As for places like Twitter, Facebook, and Google +, the big thing is to be social. Hang out. Engage with others. Be conversational. You can have a link to your website/blog on your profile. If someone takes an interest in something you say, they’re probably going to check your profile. So make sure you build up those profile pages. My advice is to let the profile pages do your marketing for you. But when you’re engaging with people on these sites, don’t be there to sell your books. (Now, I do recommend letting people know when the book is first put up on pre-order, if you have a cover reveal, or when it’s released, but keep the marketing to a minimum. At least 80% should be social engagement that has nothing to do with your books.)
Observation #2: For fiction, price points $2.99, and $3.99 seem to be the best, with $3.99 having a slight more advantage.
The $0.99 price point moves books, and I think it can be used for promotions and even as a loss leader to introduce people to your work. But I do think if you are looking for profit, your best price points are in the $2.99-$3.99 range.
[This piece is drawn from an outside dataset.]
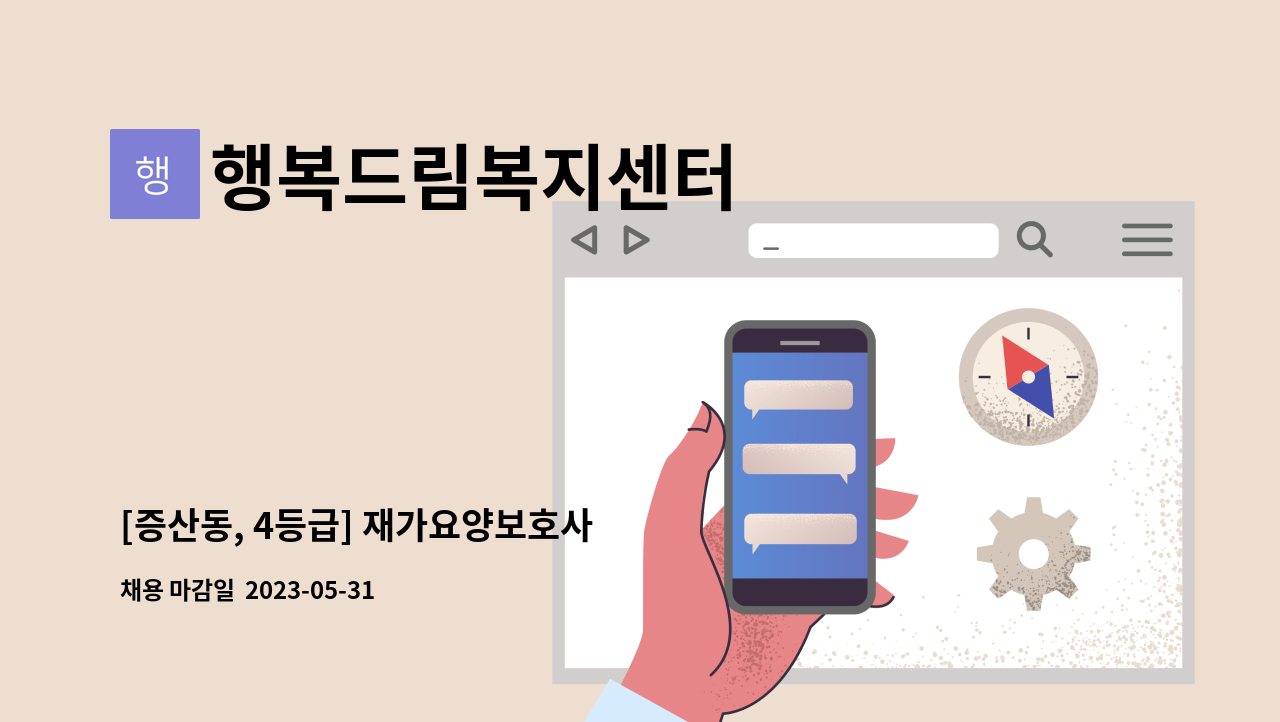 행복드림복지센터 - [증산동, 4등급] 재가요양보호사 : 채용 메인 사진 (더팀스 제공)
I suspect the sweet spot for pricing also varies with the genre you’re writing in fiction. I mainly write romance. I’ve heard romance readers watch their spending because they can go through a book or two a day. I’ve also heard other genres (such as thrillers and science fiction) have readers who are more likely to pay a higher price for books than romance readers are. These were not discussed in this Smashwords survey. These are things I gathered from talking with other authors over the years. So for me, I keep my books priced low ($0.99 or $2.99), though some romance authors do better at higher prices.
What seems to be clear from this survey and the one from 2014 is $1.99 is a horrible price for a book. I would stay clear from that price point based on the findings.
Nonfiction can sell higher than fiction. What the ideal price point for that is, I don’t know.
Observation #3: Pre-orders can help you sell more books.
In the survey, it seems a book that starts out as a pre-order will do 3.5 times better than a book that wasn’t. Do authors who have a larger platform with a larger readership have a bigger advantage over those that don’t? Of course. But that is going to be normal even if there was no pre-order.
I love pre-orders, but I don’t see massive pre-orders on my books flooding in. I don’t think it’s realistic to expect that. You can increase your chances of hitting a bestselling list in your category at iBooks or Kobo the longer you have your book available as a pre-order. iBooks and Kobo will accumulate the pre-orders, so when your book is released, you get credited for all those pre-orders as if you sold that many copies on that day. I love that feature. Amazon doesn’t do that, and I don’t think Barnes & Noble does either.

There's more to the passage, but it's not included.